→ What you will do:
From the records below, set down exactly the lines starting with the line that contains "sizuku new online" and going on through the line that contains "4 Bedroom Property". Nothing else is wanted.

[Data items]
--------

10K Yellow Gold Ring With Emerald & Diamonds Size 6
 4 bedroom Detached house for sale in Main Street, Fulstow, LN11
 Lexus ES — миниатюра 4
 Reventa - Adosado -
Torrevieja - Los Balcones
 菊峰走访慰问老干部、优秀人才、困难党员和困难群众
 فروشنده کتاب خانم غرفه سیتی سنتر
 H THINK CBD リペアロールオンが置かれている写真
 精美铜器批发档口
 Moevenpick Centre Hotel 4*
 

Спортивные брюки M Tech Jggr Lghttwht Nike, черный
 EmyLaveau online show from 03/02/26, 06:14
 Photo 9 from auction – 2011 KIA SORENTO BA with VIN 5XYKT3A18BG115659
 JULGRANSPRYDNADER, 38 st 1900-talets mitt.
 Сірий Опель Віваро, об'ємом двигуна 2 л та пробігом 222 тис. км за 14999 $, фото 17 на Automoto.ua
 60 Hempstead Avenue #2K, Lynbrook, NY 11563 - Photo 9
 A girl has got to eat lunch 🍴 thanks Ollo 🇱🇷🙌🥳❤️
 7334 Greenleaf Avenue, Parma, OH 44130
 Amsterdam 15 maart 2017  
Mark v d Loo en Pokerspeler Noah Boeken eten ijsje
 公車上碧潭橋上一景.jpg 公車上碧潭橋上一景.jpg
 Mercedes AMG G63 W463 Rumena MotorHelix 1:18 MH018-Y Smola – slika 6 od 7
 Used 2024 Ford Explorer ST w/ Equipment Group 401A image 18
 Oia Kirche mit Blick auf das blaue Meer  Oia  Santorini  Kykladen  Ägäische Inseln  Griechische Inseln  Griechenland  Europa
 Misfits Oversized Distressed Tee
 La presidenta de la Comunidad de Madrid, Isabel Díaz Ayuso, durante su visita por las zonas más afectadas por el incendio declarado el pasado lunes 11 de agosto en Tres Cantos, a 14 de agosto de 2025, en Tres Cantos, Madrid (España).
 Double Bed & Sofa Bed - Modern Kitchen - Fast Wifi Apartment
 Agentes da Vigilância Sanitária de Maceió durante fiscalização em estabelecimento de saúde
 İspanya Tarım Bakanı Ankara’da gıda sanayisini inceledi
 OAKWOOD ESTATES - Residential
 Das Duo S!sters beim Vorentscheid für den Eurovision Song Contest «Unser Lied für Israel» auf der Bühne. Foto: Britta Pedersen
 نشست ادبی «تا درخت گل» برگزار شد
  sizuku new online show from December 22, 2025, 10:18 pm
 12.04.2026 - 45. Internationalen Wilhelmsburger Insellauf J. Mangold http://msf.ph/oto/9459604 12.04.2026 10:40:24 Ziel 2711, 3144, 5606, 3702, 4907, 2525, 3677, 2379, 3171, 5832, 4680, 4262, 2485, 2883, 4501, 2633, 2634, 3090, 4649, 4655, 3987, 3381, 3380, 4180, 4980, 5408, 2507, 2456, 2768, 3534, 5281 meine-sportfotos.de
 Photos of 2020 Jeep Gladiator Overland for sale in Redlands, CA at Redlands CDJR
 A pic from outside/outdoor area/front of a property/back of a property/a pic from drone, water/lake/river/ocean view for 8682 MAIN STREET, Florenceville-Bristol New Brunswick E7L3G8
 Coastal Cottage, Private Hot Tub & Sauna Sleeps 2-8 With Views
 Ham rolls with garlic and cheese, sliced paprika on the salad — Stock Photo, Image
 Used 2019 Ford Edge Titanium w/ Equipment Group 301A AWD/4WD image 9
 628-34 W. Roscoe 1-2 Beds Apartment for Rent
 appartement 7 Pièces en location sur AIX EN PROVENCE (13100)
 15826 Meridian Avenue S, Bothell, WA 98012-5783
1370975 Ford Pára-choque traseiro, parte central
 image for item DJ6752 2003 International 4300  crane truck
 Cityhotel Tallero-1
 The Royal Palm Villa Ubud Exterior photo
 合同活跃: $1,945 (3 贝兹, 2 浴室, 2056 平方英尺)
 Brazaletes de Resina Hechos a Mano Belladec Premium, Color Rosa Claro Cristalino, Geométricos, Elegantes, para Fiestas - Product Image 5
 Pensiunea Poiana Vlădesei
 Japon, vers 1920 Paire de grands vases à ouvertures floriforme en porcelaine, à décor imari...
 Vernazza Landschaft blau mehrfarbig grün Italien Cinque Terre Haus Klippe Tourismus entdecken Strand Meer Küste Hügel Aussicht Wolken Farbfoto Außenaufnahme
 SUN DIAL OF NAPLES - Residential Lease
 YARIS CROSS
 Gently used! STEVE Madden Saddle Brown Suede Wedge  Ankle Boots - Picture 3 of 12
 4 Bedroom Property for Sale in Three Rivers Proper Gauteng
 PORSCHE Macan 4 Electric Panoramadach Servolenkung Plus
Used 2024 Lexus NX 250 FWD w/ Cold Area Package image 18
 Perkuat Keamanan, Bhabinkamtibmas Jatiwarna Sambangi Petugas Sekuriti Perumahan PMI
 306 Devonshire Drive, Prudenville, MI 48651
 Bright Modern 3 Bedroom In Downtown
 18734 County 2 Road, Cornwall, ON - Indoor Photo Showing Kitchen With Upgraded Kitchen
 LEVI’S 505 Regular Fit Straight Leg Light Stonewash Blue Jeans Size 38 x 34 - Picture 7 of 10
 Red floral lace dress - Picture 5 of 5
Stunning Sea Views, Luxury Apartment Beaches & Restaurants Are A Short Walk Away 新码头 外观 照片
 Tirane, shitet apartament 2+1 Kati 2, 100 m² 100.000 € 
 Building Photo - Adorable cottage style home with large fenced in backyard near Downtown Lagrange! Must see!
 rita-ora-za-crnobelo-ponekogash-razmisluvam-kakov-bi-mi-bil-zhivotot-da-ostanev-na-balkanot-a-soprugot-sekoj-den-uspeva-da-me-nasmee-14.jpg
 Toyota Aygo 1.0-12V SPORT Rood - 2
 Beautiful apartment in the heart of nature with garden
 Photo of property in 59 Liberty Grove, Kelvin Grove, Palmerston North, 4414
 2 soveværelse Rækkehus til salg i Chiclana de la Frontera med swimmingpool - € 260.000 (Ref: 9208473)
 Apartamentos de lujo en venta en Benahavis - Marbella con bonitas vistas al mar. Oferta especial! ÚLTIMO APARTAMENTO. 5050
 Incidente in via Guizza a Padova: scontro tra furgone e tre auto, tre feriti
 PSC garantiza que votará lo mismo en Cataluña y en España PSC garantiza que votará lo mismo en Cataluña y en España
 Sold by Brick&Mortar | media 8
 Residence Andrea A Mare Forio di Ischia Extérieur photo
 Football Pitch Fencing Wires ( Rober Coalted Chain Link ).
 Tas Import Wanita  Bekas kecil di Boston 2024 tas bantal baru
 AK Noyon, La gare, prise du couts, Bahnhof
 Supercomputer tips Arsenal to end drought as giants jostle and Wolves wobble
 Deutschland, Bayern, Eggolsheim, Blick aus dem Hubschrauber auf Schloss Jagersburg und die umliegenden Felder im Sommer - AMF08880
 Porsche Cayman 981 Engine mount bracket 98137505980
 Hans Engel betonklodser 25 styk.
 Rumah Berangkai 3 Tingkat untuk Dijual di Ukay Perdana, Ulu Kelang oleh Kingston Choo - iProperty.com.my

--------

→ Answer section:
  sizuku new online show from December 22, 2025, 10:18 pm
 12.04.2026 - 45. Internationalen Wilhelmsburger Insellauf J. Mangold http://msf.ph/oto/9459604 12.04.2026 10:40:24 Ziel 2711, 3144, 5606, 3702, 4907, 2525, 3677, 2379, 3171, 5832, 4680, 4262, 2485, 2883, 4501, 2633, 2634, 3090, 4649, 4655, 3987, 3381, 3380, 4180, 4980, 5408, 2507, 2456, 2768, 3534, 5281 meine-sportfotos.de
 Photos of 2020 Jeep Gladiator Overland for sale in Redlands, CA at Redlands CDJR
 A pic from outside/outdoor area/front of a property/back of a property/a pic from drone, water/lake/river/ocean view for 8682 MAIN STREET, Florenceville-Bristol New Brunswick E7L3G8
 Coastal Cottage, Private Hot Tub & Sauna Sleeps 2-8 With Views
 Ham rolls with garlic and cheese, sliced paprika on the salad — Stock Photo, Image
 Used 2019 Ford Edge Titanium w/ Equipment Group 301A AWD/4WD image 9
 628-34 W. Roscoe 1-2 Beds Apartment for Rent
 appartement 7 Pièces en location sur AIX EN PROVENCE (13100)
 15826 Meridian Avenue S, Bothell, WA 98012-5783
1370975 Ford Pára-choque traseiro, parte central
 image for item DJ6752 2003 International 4300  crane truck
 Cityhotel Tallero-1
 The Royal Palm Villa Ubud Exterior photo
 合同活跃: $1,945 (3 贝兹, 2 浴室, 2056 平方英尺)
 Brazaletes de Resina Hechos a Mano Belladec Premium, Color Rosa Claro Cristalino, Geométricos, Elegantes, para Fiestas - Product Image 5
 Pensiunea Poiana Vlădesei
 Japon, vers 1920 Paire de grands vases à ouvertures floriforme en porcelaine, à décor imari...
 Vernazza Landschaft blau mehrfarbig grün Italien Cinque Terre Haus Klippe Tourismus entdecken Strand Meer Küste Hügel Aussicht Wolken Farbfoto Außenaufnahme
 SUN DIAL OF NAPLES - Residential Lease
 YARIS CROSS
 Gently used! STEVE Madden Saddle Brown Suede Wedge  Ankle Boots - Picture 3 of 12
 4 Bedroom Property for Sale in Three Rivers Proper Gauteng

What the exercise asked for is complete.